# incresed no of blasts in 2008.elections due in the country.is it related???



## tango_cash (Jan 13, 2009)

hey don't u think that there were more terrorist activities in the last year compared to any recent years, happening at regular intervals and spanning all over the country.. and the election were to come up. do u think this might be related?????
actually i saw the movie Contract by ram gopal varma. the ending of the movie got me thinking.
what do u think.


----------



## chooza (Jan 16, 2009)

tango_cash said:


> hey don't u think that there were more terrorist activities in the last year compared to any recent years, happening at regular intervals and spanning all over the country.. and the election were to come up. do u think this might be related?????
> actually i saw the movie Contract by ram gopal varma. the ending of the movie got me thinking.
> what do u think.



I had repeated many time that increment in terrorist activities are directly related to elections. It was in the poll BJP v/s Congress. Now, the state electins are over, their is no sign of such things. When again, electins will come, we will see the reoccurance of these activities. and I am not shy to name the party behind all this. In Rajasthan, the achievements of BJP govt are coming into light these days, infact, one of their very senior member has asked to enquire abt the Ex-CM of Rajasthan.


----------



## Rahim (Jan 20, 2009)

What about the case of Sadhvi? After the death of Hemant Karkare there has been no talk of this. Quite strange.

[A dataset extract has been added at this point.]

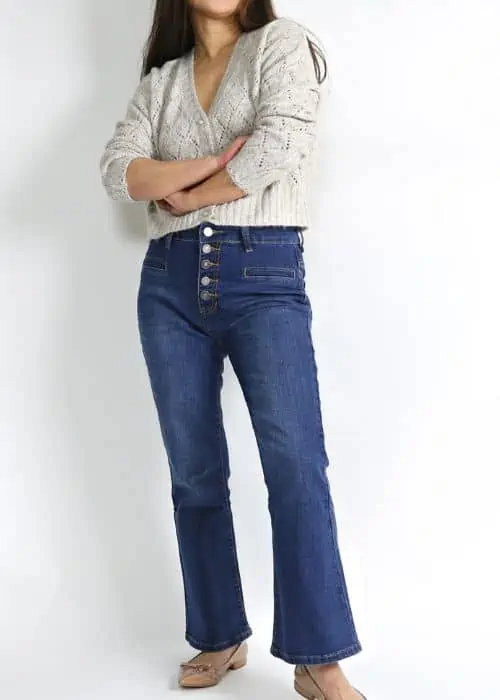 The Complete Jeans Guide for Women with Short Legs - Petite Dressing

The fact that this eems fishy and asking for a probe would term you a Pakistani-sympathiser


----------



## chooza (Jan 20, 2009)

rahimveron said:


> What about the case of Sadhvi? After the death of Hemant Karkare there has been no talk of this. Quite strange.
> 
> The fact that this eems fishy and asking for a probe would term you a Pakistani-sympathiser



you are right Bro.. its all the dirty politics of BJP. Now they are promoting Narendra Modi. Lol


----------



## Rahim (Jan 21, 2009)

Advani must be having sleepless nights......and its not BJP whos promoting Modi but the industralists like Ambani and Tata who doesnt care about poeple but filling their coffers.

Media bik chuki hai


----------



## chooza (Jan 21, 2009)

rahimveron said:


> Advani must be having sleepless nights......and its not BJP whos promoting Modi but the industralists like Ambani and Tata who doesnt care about poeple but filling their coffers.
> 
> Media bik chuki hai



100% bik chuki hai. Mr. Ambani is thinking If BJP will come into power, his telecom company will again zoom taking all the benefits and put BSNL under six foot of soil and Mr. Tata is praising becouse of Nano project benefits he got.


----------



## confused!! (Jan 23, 2009)

Terrorism related to elections ...may be..But I will not be blaming only BJB..there are others too in this mud


----------



## tango_cash (Jan 24, 2009)

did any of u saw the movie contract???


----------



## Rahim (Jan 24, 2009)

@confused: it seems you are confused!  Its [highlight]BJP and not BJB[/highlight]


----------